Uittreksel uit arrest nr. 75/2019 van 23 mei 2019 Rolnummer 6865 In zake : de prejudiciële vraag betreffende artikel 269, derde lid, b), van het Wetboek van de inkomstenbelastingen 1992, gesteld door de Rechtbank van eerste aanleg Luik, afdel Het Grondwettelijk Hof, samengesteld uit de voorzitters F. Daoût en A. Alen, en de rechters L. L(...)

bron
grondwettelijk hof
numac
2019205607
pub.
27/12/2019
prom.
--
staatsblad
https://www.ejustice.just.fgov.be/cgi/article_body(...)
Document Qrcode

GRONDWETTELIJK HOF


Uittreksel uit arrest nr. 75/2019 van 23 mei 2019 Rolnummer 6865 In zake : de prejudiciële vraag betreffende artikel 269, derde lid, b), van het Wetboek van de inkomstenbelastingen 1992, gesteld door de Rechtbank van eerste aanleg Luik, afdeling Luik.

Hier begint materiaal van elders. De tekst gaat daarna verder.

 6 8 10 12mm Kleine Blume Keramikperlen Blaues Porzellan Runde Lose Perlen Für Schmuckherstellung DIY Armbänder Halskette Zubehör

Het Grondwettelijk Hof, samengesteld uit de voorzitters F. Daoût en A. Alen, en de rechters L. Lavrysen, J.-P. Snappe, J.-P. Moerman, E. Derycke en P. Nihoul, bijgestaan door de griffier P.-Y. Dutilleux, onder voorzitterschap van voorzitter F. Daoût, wijst na beraad het volgende arrest : I. Onderwerp van de prejudiciële vraag en rechtspleging Bij vonnis van 19 februari 2018 in zake de bvba « Ahtco » tegen de Belgische Staat, waarvan de expeditie ter griffie van het Hof is ingekomen op 1 maart 2018, heeft de Rechtbank van eerste aanleg Luik, afdeling Luik, de volgende prejudiciële vraag gesteld : « Schendt artikel 269, derde lid, b), van het WIB 1992, zoals van toepassing op de in het geding zijnde aanslagjaren, de artikelen 10, 11 en 172 van de Grondwet, in zoverre het vereist, bij een kapitaalsverhoging na 1 januari 1994, dat nieuwe effecten worden uitgegeven teneinde de verlaagde aanslagvoet van de roerende voorheffing op die effecten te kunnen genieten, terwijl die verlaagde aanslagvoet niet van toepassing is wanneer hetzelfde kapitaal het voorwerp uitmaakt van eenzelfde verhoging zonder dat nieuwe effecten worden uitgegeven ? ». (...) III. In rechte (...) B.1.1. In de prejudiciële vraag wordt het Hof verzocht zich uit te spreken over de bestaanbaarheid, met de artikelen 10, 11 en 172 van de Grondwet, van artikel 269, derde lid, b), van het Wetboek van de inkomstenbelastingen 1992 (hierna : WIB 1992), in zoverre het, bij een kapitaalsverhoging na 1 januari 1994, het voordeel van de verlaagde aanslagvoet van de roerende voorheffing op die effecten afhankelijk stelt van de uitgifte van nieuwe effecten, terwijl die verlaagde aanslagvoet niet van toepassing is wanneer hetzelfde kapitaal het voorwerp uitmaakt van eenzelfde verhoging zonder dat nieuwe effecten worden uitgegeven.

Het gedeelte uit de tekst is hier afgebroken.